Judge’s inferences reasonable and entitled to deference

Appeal by accused from his conviction for driving with blood alcohol level above legal limit. Issue at trial was whether it was proven beyond reasonable doubt that accused was driver of truck that was involved in accident. Accused claimed that trial judge misapprehended evidence of paramedic who treated accused and who had conversation with him. After closing submissions were made, which dealt with identification issue, judge was given transcript of paramedic’s evidence and she retired to consider her decision. When judge returned to give her oral decision she summarized evidence she considered to be relevant to identification issue. Accused conceded that during summary judge accurately set out paramedic’s evidence. In his examination-in-chief paramedic said accused made statements that indicated that he drove his truck. In cross-examination paramedic said he could not say with certainty that accused said that he was driving. Accused submitted that during judge’s analysis of evidence she did not refer to what paramedic said in cross-examination and it was this omission that showed that she misapprehended evidence.
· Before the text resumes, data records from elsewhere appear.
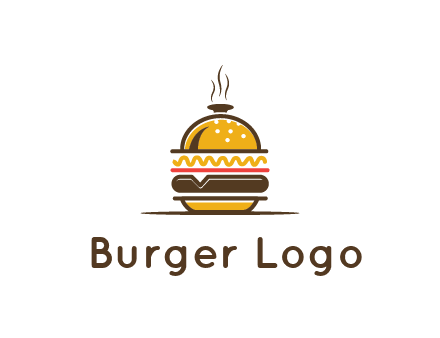 burger with a dish lid logo for an eatery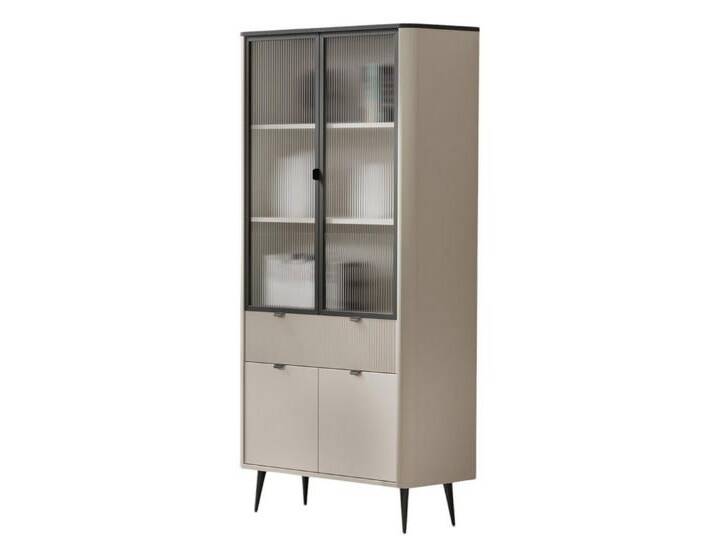 Compleo Standvitrine mit Lamellen LILIA, Elegant design, Breite: 90 cm, beige, Kaschmir/Marmor Graphit von OTTO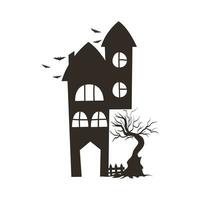 Haunted House Silhouette Illustration Isolated In White Background vector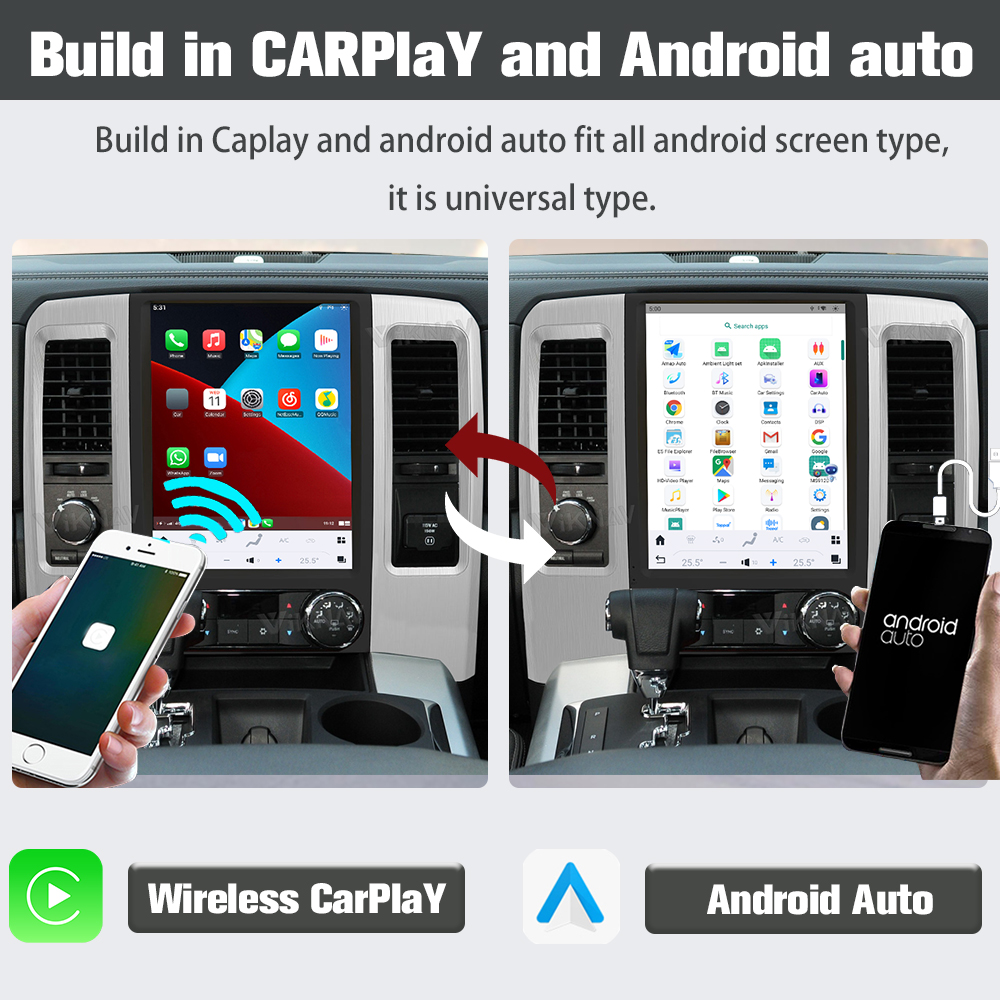 12.1 inch Head Unit For 2008-2011 Dodge Ram GPS Navigation Multimedia player Touch Screen Support Wireless Carplay
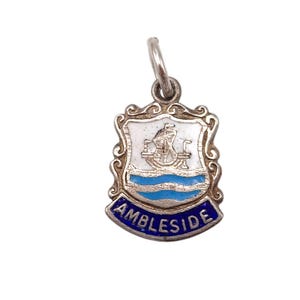 Vintage 925 Sterling Silver Ambleside England Enamel Travel Shield Charm Bracelet Traditional Pendant Necklace Enameled Jewellery Gift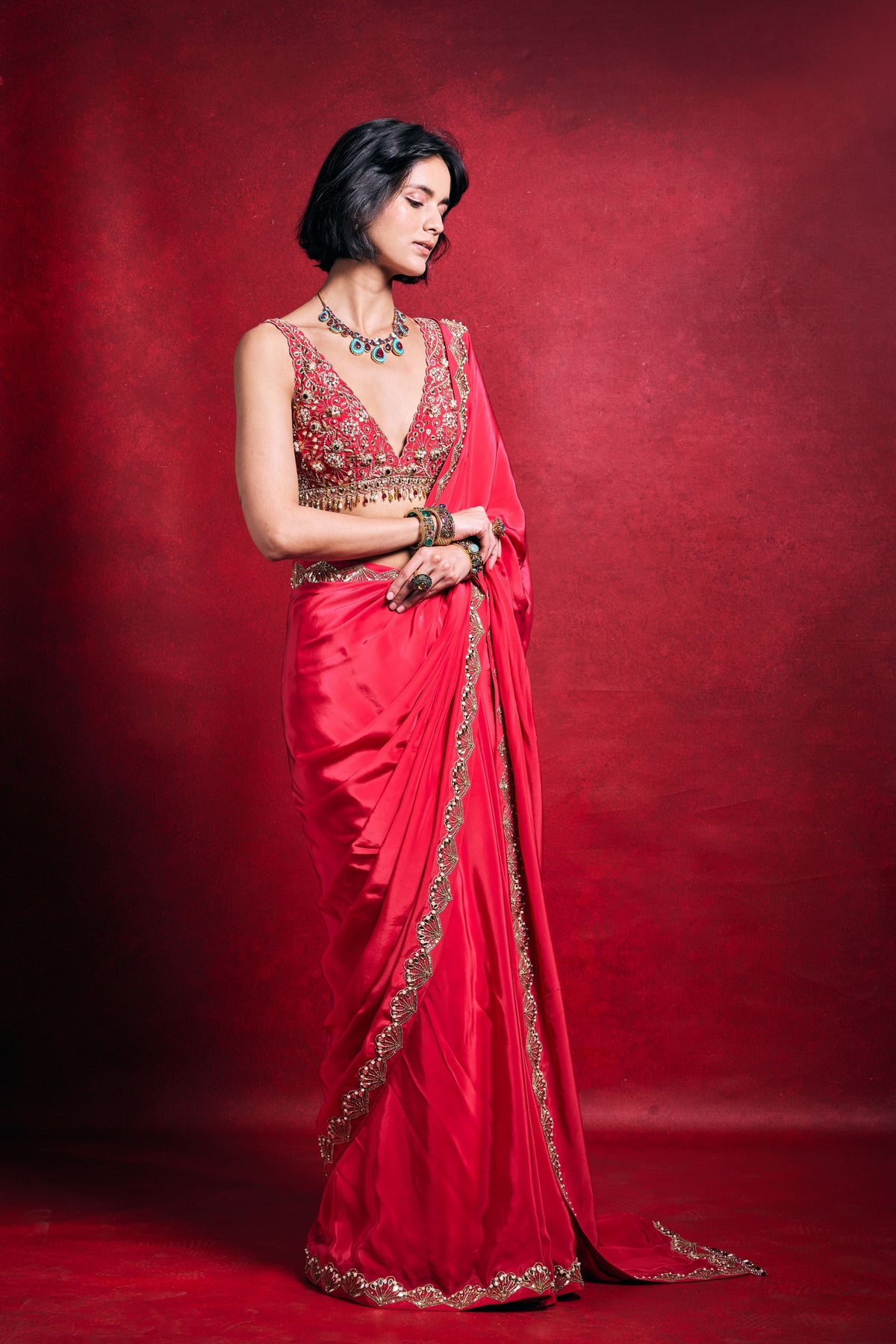Fuchsia Pink Crepe Saree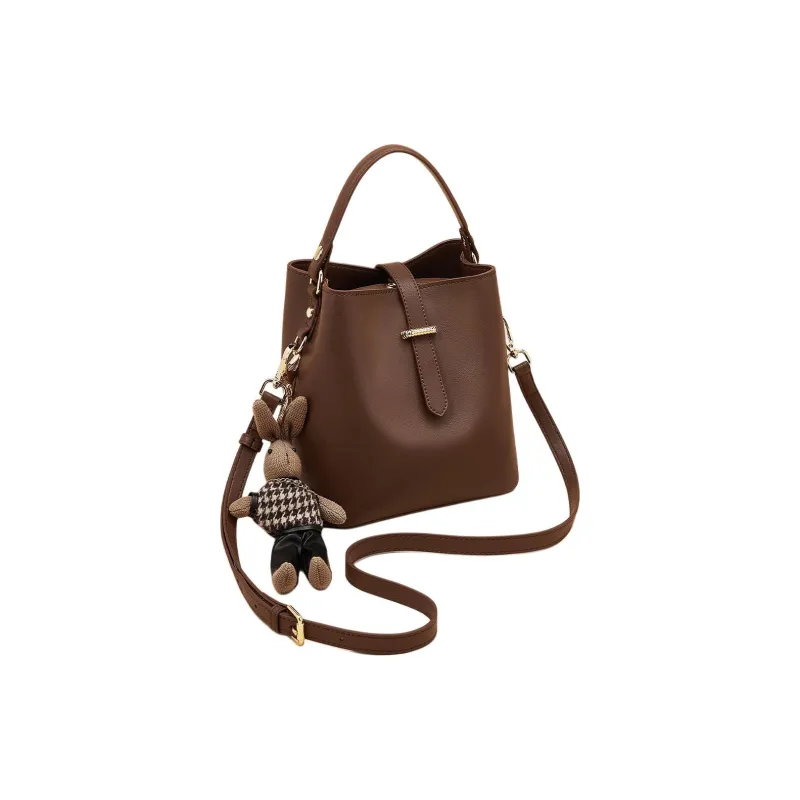 Marino Orlandi Cow Split Leather Shoulder Bag, Basket Bag, Bucket Bag, One Shoulder Handbag Women's White/Coffee-8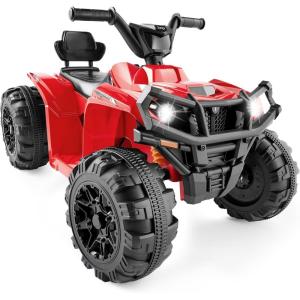 imageBest Choice Products 12V Kids RideOn Electric ATV 4Wheeler Quad Car Toy wBluetooth Audio 24mph Max Speed Treaded Tires LED Headlights Radio  BlueRed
Appeal dismissed. When judge’s reasons were read as whole they demonstrated that she was aware that it was uncertain what accused said to paramedic. In her reasons she did not only consider examination-in-chief evidence. Rather, she considered all of paramedic’s evidence along with surrounding pieces of circumstantial evidence and she drew inferences to conclude that on the whole of evidence she was satisfied that accused was driver. Judge’s inferences were reasonable and they were entitled to deference. Judge did not misapprehend evidence.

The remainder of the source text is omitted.